+++ Records provided +++

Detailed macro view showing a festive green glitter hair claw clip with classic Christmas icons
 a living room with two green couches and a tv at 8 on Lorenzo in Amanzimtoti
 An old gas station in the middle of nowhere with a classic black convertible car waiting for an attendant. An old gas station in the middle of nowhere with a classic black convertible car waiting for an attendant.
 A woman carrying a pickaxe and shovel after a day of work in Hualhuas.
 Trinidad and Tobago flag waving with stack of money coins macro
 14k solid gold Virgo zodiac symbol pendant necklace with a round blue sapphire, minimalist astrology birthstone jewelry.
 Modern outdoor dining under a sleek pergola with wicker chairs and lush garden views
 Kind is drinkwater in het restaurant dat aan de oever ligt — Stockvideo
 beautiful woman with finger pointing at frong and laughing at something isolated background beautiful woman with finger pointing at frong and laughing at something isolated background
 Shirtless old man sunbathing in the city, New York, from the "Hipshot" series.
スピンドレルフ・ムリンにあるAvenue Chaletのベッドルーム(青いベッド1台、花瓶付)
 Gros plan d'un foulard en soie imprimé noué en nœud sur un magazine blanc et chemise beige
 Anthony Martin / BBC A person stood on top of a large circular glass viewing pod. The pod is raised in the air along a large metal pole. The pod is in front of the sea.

+++

Assignment: Search the entries for the word "macro" and gather every line where it appears.

Reply:
Detailed macro view showing a festive green glitter hair claw clip with classic Christmas icons
 Trinidad and Tobago flag waving with stack of money coins macro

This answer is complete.